---- MATERIAL FOR THE TASK
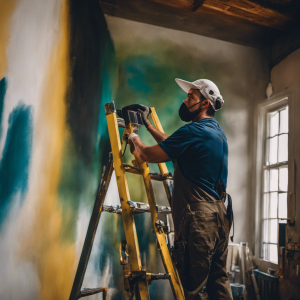 An image featuring a skilled York painter effortlessly restoring a wall, their precise brushstrokes seamlessly blending with the existing paint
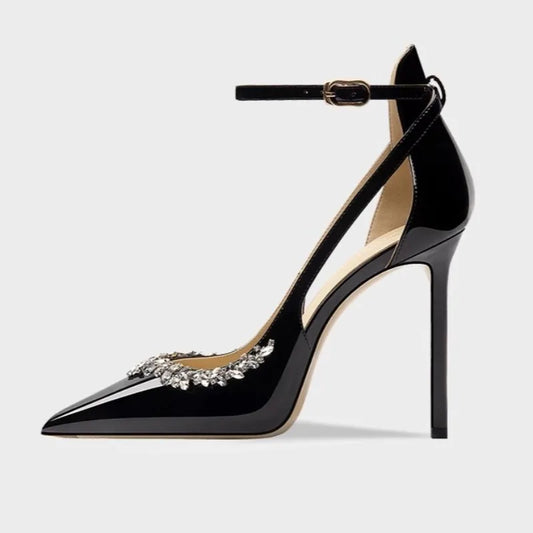 Pointed High Heels for Women Stilettos 2025 Spring New Sexy Rhinestone Temperament Baotou Sandals Single Buckle Shoes heels_bridal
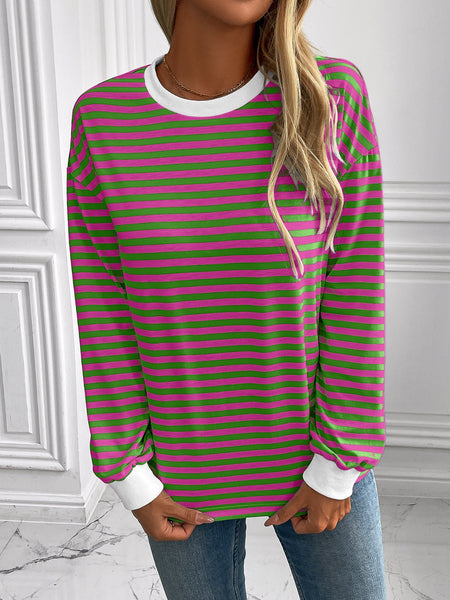 Striped Round Neck Long Sleeve Sweatshirt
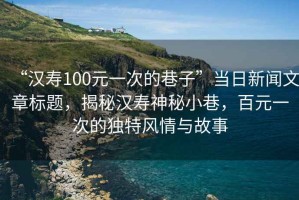 “漢壽100元一次的巷子”當日新聞文章標題，揭秘漢壽神秘小巷，百元一次的獨特風情與故事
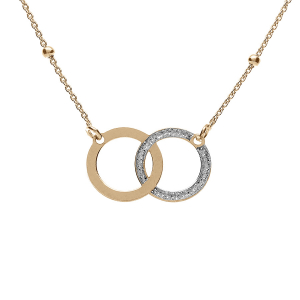 COLLIER ARGENT DORÉ  2 CERCLES ENTRELACÉS LISSE ET GIVRÉ 42+3CM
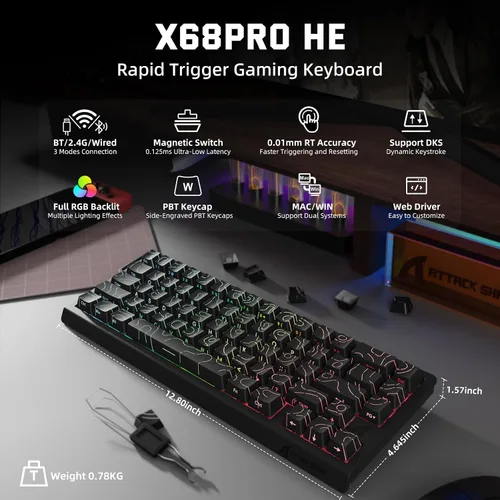 Vista 2 de ATTACK SHARK X11 y X68 PRO HE Combo inalámbrico para juegos, efecto Hall de disparo rápido, interruptor magnético 8K, teclado ultraligero con sensor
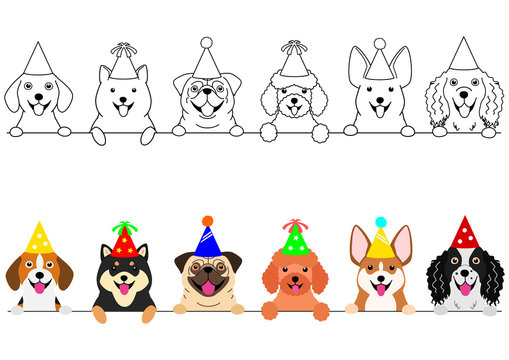 smiling small dogs with party hat border set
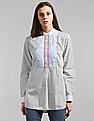 GAP Women White Stripe Band Collar Tunic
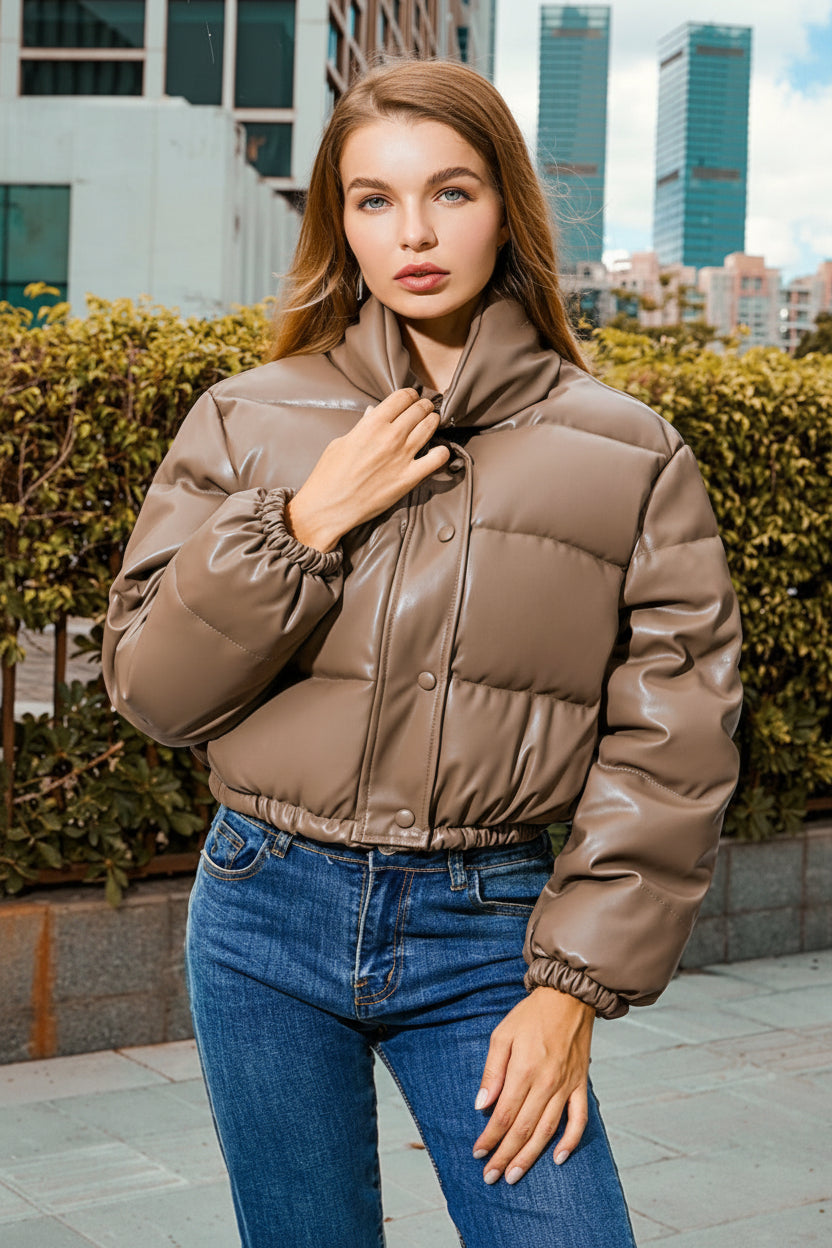 Thick Warm Short Leather Elegant Zipper Jacket - Necessary Clothing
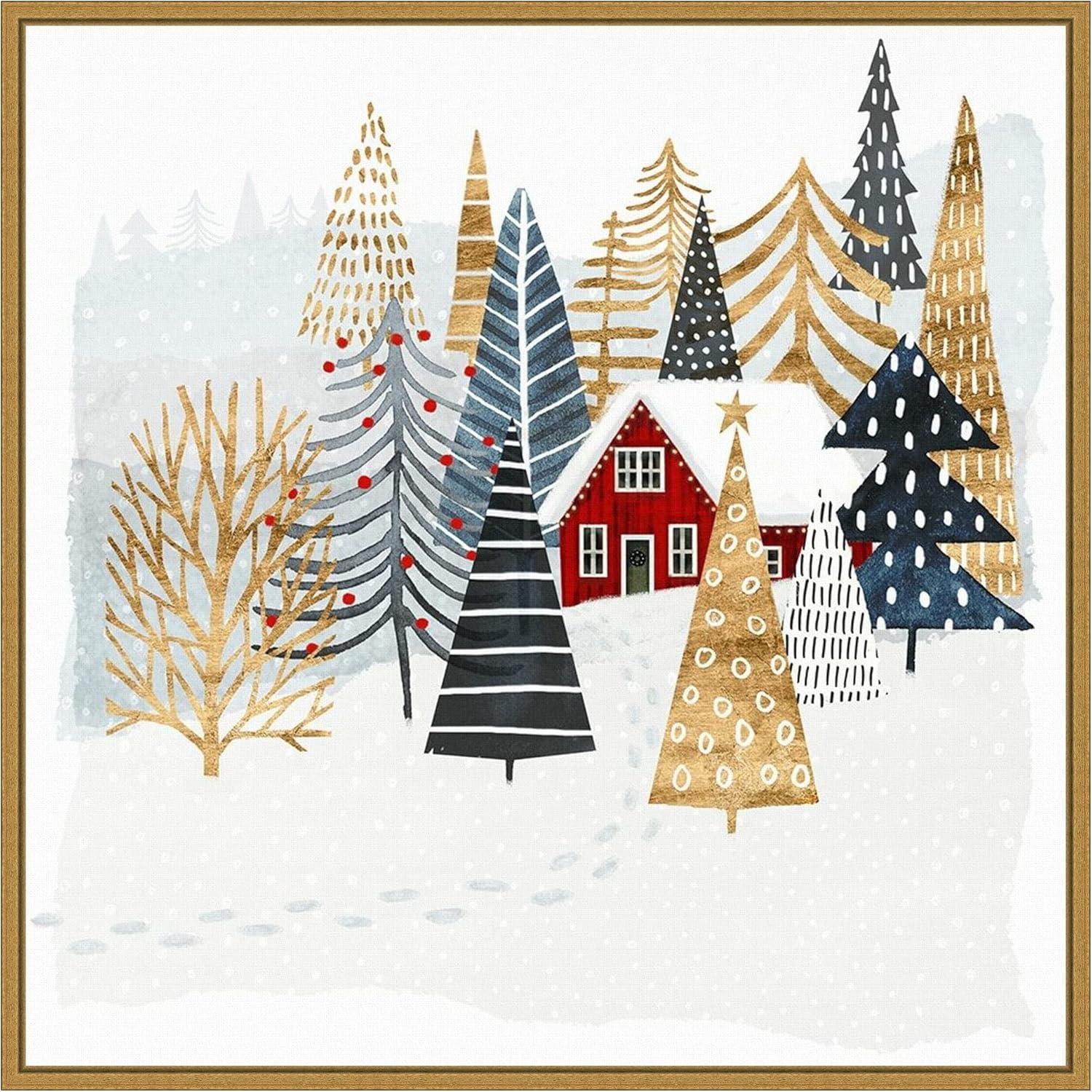 22" x 22" Gold Framed Christmas Chalet Canvas Wall Art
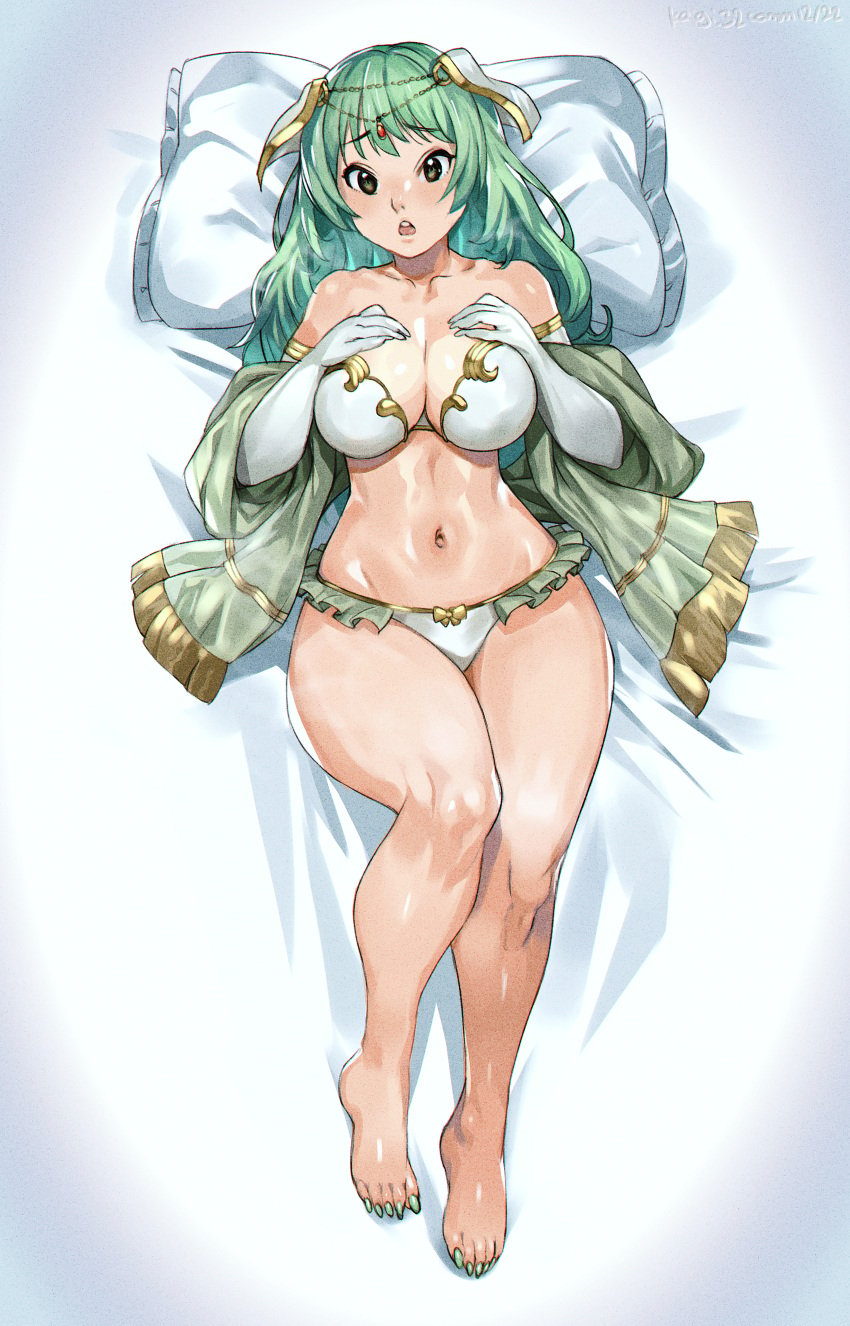 1girls arm_gloves bed bra breath_cloud cleavage commission commissioner_upload female female_only fire_emblem fire_emblem_echoes:_shadows_of_valentia fire_emblem_gaiden gloves green_hair green_nails heavy_breathing keigi keigi_(artist) nail_polish nintendo on_bed panties pillow sheets sleeves solo tatiana_(fire_emblem) white_panties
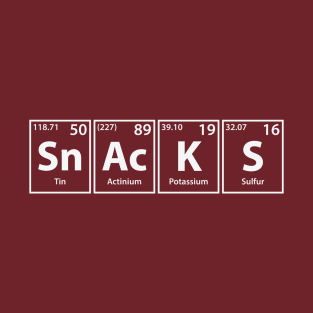 Snacks (Sn-Ac-K-S) Periodic Elements Spelling T-Shirt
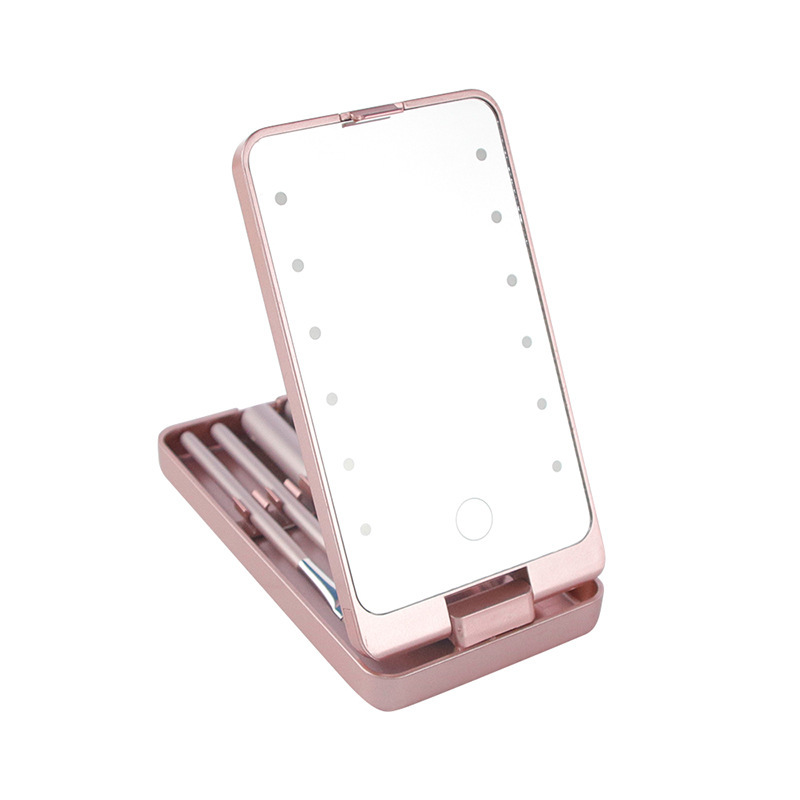 Cross-border led makeup mirror with light, 5-piece makeup brush set, makeup brush storage box with lid, dust-proof Item Picture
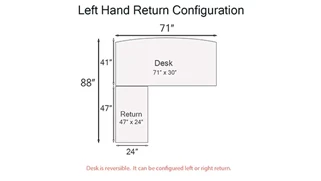 L Shaped Desk Shells PBD Furniture PL Series Bow-Front L-Shaped Desk Shell 72in W x 88in D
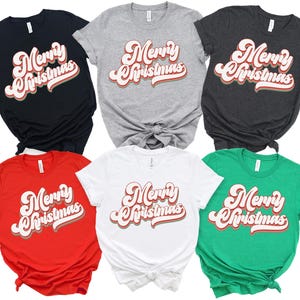 Merry Christmas Shirt, Womens Christmas Shirt, Merry & Bright Shirt, Retro Holiday Shirt, Cute Christmas Gift, Xmas Shirt, Family Christmas
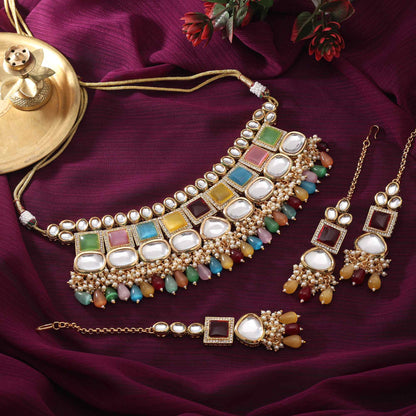 Multi Color Beautiful Handcrafted Back Side Meena Work Kundan Necklace Set For Special Events
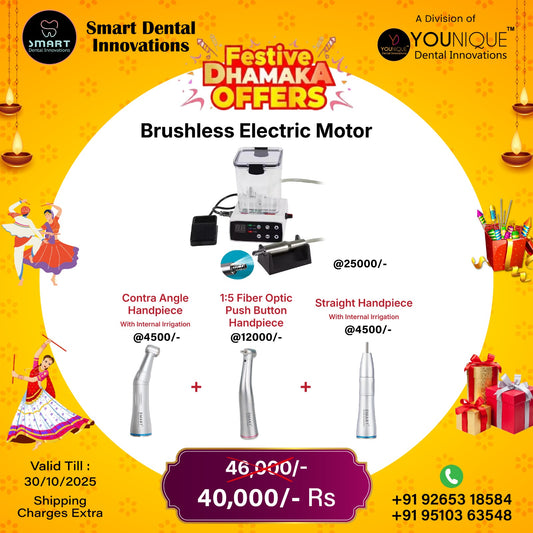 Brushless Electric Motor + Contra Angle Handpiese + 1:5 Fiber Optic Push Button Handpiece + Straight Handpiece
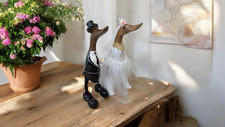 Bride &Groom Wooden Wedding Freestanding Hand Painted  Bamboo Duck Wedding Gift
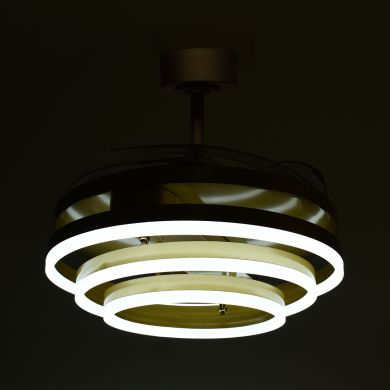 Ventoinha de tecto SFERA dourada, 4 palas retráteis, 72W LED 3000|4000|6000K, Alt.45xD.108/50cm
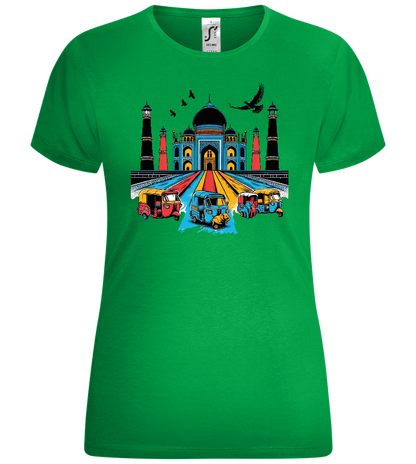 Colors of India Design - Comfort women's t-shirt_MEADOW GREEN_front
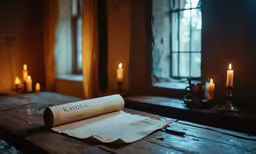 some lit candles and papers on a table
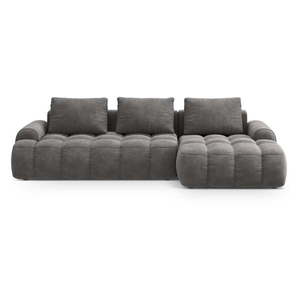 Sivá zamatová rozkladacia/s úložným priestorom rohová pohovka (pravý roh/s leňoškou) Linz – Cosmopolitan Design vyobraziť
--------
This exercise calls for a verbatim output of the entries, pictures omitted.

 An image featuring a skilled York painter effortlessly restoring a wall, their precise brushstrokes seamlessly blending with the existing paint
 Pointed High Heels for Women Stilettos 2025 Spring New Sexy Rhinestone Temperament Baotou Sandals Single Buckle Shoes heels_bridal
 Striped Round Neck Long Sleeve Sweatshirt
 “漢壽100元一次的巷子”當日新聞文章標題，揭秘漢壽神秘小巷，百元一次的獨特風情與故事
 COLLIER ARGENT DORÉ  2 CERCLES ENTRELACÉS LISSE ET GIVRÉ 42+3CM
 Vista 2 de ATTACK SHARK X11 y X68 PRO HE Combo inalámbrico para juegos, efecto Hall de disparo rápido, interruptor magnético 8K, teclado ultraligero con sensor
 smiling small dogs with party hat border set
 GAP Women White Stripe Band Collar Tunic
 Thick Warm Short Leather Elegant Zipper Jacket - Necessary Clothing
 22" x 22" Gold Framed Christmas Chalet Canvas Wall Art
 1girls arm_gloves bed bra breath_cloud cleavage commission commissioner_upload female female_only fire_emblem fire_emblem_echoes:_shadows_of_valentia fire_emblem_gaiden gloves green_hair green_nails heavy_breathing keigi keigi_(artist) nail_polish nintendo on_bed panties pillow sheets sleeves solo tatiana_(fire_emblem) white_panties
 Snacks (Sn-Ac-K-S) Periodic Elements Spelling T-Shirt
 Cross-border led makeup mirror with light, 5-piece makeup brush set, makeup brush storage box with lid, dust-proof Item Picture
 L Shaped Desk Shells PBD Furniture PL Series Bow-Front L-Shaped Desk Shell 72in W x 88in D
 Merry Christmas Shirt, Womens Christmas Shirt, Merry & Bright Shirt, Retro Holiday Shirt, Cute Christmas Gift, Xmas Shirt, Family Christmas
 Multi Color Beautiful Handcrafted Back Side Meena Work Kundan Necklace Set For Special Events
 Brushless Electric Motor + Contra Angle Handpiese + 1:5 Fiber Optic Push Button Handpiece + Straight Handpiece
 Bride &Groom Wooden Wedding Freestanding Hand Painted  Bamboo Duck Wedding Gift
 Ventoinha de tecto SFERA dourada, 4 palas retráteis, 72W LED 3000|4000|6000K, Alt.45xD.108/50cm
 Colors of India Design - Comfort women's t-shirt_MEADOW GREEN_front
 some lit candles and papers on a table
 Sivá zamatová rozkladacia/s úložným priestorom rohová pohovka (pravý roh/s leňoškou) Linz – Cosmopolitan Design vyobraziť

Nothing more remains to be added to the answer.